(Items listed in a dataset)
- - -

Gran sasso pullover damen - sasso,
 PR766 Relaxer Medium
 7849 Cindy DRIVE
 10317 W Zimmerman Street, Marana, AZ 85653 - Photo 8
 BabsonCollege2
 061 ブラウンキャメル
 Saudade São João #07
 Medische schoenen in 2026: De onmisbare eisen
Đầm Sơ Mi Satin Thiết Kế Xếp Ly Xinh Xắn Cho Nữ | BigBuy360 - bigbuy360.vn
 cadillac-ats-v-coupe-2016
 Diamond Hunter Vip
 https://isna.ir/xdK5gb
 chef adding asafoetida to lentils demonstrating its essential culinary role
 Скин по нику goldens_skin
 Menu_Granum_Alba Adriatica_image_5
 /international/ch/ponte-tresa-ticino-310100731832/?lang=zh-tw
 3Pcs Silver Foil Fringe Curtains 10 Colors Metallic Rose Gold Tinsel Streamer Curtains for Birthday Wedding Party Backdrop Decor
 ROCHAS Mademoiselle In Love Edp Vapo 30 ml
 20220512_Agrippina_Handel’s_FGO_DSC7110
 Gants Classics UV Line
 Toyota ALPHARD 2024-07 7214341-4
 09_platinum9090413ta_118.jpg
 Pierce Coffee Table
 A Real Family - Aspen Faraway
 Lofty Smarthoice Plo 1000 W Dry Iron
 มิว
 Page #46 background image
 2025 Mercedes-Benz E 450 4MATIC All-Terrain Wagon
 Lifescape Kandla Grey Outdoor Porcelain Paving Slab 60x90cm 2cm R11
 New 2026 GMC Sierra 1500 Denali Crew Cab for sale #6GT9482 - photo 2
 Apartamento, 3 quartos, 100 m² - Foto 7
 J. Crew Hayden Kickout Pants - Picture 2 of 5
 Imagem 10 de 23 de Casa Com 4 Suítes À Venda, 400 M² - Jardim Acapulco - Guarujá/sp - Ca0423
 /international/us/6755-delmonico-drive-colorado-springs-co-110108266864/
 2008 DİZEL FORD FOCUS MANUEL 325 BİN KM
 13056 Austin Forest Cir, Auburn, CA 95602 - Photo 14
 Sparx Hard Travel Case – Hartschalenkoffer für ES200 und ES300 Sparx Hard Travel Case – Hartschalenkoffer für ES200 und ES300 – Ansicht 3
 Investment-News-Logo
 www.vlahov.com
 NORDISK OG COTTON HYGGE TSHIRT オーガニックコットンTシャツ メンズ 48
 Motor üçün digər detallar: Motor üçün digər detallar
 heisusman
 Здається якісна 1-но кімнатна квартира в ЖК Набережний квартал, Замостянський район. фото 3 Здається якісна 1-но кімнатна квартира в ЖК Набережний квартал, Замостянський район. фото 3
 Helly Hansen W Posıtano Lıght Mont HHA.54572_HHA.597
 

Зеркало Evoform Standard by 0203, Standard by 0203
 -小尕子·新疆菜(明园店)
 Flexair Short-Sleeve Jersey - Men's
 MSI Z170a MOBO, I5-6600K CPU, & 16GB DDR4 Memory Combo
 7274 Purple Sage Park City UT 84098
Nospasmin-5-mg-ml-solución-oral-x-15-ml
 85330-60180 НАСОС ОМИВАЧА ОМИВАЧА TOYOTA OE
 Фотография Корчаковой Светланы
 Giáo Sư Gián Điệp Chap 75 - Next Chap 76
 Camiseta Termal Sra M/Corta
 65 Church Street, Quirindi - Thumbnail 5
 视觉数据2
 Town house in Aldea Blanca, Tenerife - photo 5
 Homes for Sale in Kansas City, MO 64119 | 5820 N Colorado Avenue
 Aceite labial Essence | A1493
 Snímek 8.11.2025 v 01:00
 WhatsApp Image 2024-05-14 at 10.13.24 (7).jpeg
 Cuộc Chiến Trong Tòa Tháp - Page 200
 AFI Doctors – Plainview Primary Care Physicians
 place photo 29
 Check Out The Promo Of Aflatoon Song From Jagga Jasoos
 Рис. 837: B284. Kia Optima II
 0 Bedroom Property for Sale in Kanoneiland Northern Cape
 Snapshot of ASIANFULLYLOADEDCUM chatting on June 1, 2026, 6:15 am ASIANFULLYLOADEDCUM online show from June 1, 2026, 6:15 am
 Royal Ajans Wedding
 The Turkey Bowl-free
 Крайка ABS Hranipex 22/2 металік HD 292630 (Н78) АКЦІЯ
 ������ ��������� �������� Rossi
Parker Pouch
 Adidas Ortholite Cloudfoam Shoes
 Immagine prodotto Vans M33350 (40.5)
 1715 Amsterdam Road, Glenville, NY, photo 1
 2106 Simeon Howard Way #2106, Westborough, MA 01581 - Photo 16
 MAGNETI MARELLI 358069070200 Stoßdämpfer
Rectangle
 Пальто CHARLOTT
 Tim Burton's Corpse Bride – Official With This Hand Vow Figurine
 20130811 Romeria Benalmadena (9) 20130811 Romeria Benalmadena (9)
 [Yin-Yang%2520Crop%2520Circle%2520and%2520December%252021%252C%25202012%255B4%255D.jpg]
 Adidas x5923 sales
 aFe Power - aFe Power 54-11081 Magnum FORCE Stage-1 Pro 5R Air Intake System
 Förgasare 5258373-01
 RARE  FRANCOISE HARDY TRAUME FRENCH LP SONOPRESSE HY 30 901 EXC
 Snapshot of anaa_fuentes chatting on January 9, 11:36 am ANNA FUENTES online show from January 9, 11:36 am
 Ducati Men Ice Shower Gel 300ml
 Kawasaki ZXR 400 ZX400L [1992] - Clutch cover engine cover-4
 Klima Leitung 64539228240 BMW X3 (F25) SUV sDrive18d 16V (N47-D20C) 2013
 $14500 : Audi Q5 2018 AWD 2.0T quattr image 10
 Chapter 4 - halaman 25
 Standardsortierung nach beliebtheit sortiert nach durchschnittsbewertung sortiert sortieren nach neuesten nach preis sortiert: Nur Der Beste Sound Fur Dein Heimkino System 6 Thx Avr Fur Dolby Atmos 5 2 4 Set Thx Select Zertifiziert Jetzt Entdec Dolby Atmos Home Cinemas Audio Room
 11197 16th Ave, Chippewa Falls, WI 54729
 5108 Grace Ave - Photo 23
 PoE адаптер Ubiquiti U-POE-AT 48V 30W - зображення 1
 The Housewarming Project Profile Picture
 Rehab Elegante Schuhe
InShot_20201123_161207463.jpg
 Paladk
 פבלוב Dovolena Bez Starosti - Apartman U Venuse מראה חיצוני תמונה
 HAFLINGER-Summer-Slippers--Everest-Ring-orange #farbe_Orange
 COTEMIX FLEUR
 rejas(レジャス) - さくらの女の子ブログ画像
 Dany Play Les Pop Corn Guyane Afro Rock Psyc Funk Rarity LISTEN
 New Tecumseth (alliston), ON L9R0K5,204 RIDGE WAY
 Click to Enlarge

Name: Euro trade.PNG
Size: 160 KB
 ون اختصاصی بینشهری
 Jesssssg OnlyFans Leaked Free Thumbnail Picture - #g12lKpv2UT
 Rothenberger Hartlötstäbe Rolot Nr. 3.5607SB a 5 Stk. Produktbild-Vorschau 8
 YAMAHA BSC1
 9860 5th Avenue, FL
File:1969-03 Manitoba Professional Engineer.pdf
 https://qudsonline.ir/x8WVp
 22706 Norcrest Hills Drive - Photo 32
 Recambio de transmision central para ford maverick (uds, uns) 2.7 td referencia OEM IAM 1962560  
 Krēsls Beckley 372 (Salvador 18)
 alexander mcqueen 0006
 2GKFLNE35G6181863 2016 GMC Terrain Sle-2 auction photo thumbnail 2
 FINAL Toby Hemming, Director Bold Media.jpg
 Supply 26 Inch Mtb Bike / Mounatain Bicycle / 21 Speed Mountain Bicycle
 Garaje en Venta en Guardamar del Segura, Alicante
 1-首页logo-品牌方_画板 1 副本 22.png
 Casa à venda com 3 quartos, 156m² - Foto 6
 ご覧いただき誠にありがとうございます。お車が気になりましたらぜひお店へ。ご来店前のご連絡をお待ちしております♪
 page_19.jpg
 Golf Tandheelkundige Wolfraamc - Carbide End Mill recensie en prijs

- - -

■ **EXERCISE INSTRUCTIONS**
Please determine how many lines in the entries contain the word "Foto" and answer with the number alone.

■ **SOLUTION FOR THIS EXERCISE**
2